Kwantlen First Nation writer Joseph Dandurand continues to share stories of his people.

But like all of his previous works, Dandurand’s latest book, The Bears and the Magic Masks, is one that comes from his own creative juices.

“All my work is from my imagination because we’re just small,” Dandurand said of his First Nation located in British Columbia. “The Kwantlen people, we used to number in the thousands on the (Fraser) river.”

Waves of smallpox, however, during the 18th and 19th centuries, decimated the Kwantlen population.

“It wiped out 80 per cent of all the Indians on the river,” he said. “So now today, there’s just under 300 Kwantlen people.”

Dandurand added in part because of the loss of languages and the impacts of residential schools, there’s nothing written about his Nation’s history that he can pull information from.

“I don’t have anybody in my community that I can go to and hear any old stories,” said Dandurand, who is 59. “We teach our children that each one of us has a gift. I like to think that what my gift is for some reason I’m showing stories and given the chance to tell them.
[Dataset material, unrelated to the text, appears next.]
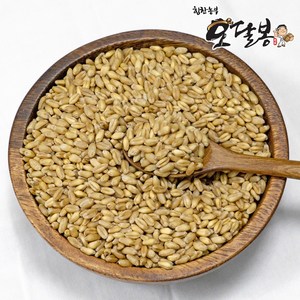 힘찬농부오달봉 국산 통밀, 4kg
But they’re all created from my imagination.”

The Bears and the Magic Masks shares a story of how the Kwantlen have lived in harmony with bears for a long time.

The story includes a tale of how a master carver fell into a river and was rescued and brought back to land by bears.

As appreciation, the carver makes some animal masks, which turn out to be magical ones, for the bears.

The Bears and the Magic Masks is Dandurand’s fourth children’s book that has been put out by Nightwood Editions, a B.C. publisher.

“I have numerous manuscripts of short stories for kids,” he said. “And they started pulling single stories out of those and creating books out of each short story.”

Dandurand said each time he writes a story, poem or a new play, it is based on a single image that he has stored in his head.

“With all my children’s books I try to include the teaching of trying to always give something back and not taking everything from the earth or else we’ll have nothing left,” he said. “So, the image of this one was I had this image of a carver who would carve masks and leave them on the cedar trees in the forest for the animals and they could come and put them on.”

Dandurand incorporated a bit of himself in his latest book.

“Because I’m a fisherman, and one of my worst fears is drowning, I liked the idea of how the animals saved the fisherman in the beginning of the story,” he said. “And then it goes on to show how he pays back for what he did for them by gifting them with masks.”

Besides being a writer, Dandurand is also the director of the Kwantlen Cultural Centre. He’s had this position since the centre opened in 2014.

Prior to that he had other jobs with his First Nation.

Dandurand said he was planning to move to Mexico 30 years ago. He was keen to live on the beach and write “bad poetry.”

But that never came to be.

“Our chief pulled me aside and she gave me that thing called salary,” he said. “And I’ve been working for our people for 30 years now.”

Joseph Dandurand
Joseph Dandurand

Dandurand started out doing some research for his First Nation. He followed that up by doing some archaeological work.

“Then we built our cultural centre here,” he said. “We needed a repository for all of our artifacts. So, that’s what half the building is. And the other half we needed a space to gather. So, I designed and we built a longhouse for our people. It’s kind of like a church or a chapel or a temple. It’s a safe place for us to gather.”

As the director of the Kwantlen Cultural Centre, Dandurand oversees all of the facility’s interpretive programming.

“We have school groups come in,” he said. “And we rent out the facility to other organizations.”

Dandurand enjoys sharing one story in particular with children at the centre.

“When I teach kids, I tell them that our story is that 10,000 years ago we fell from the sky and we landed on this island where we live now,” he said. “And we’re told that we’re allowed to take the fish from the river and we’ve been fishing ever since. I look pretty good for being 10,059 year old.”

The Bears and the Magic Masks was illustrated by Elinor Atkins, who is also a member of Kwantlen First Nation.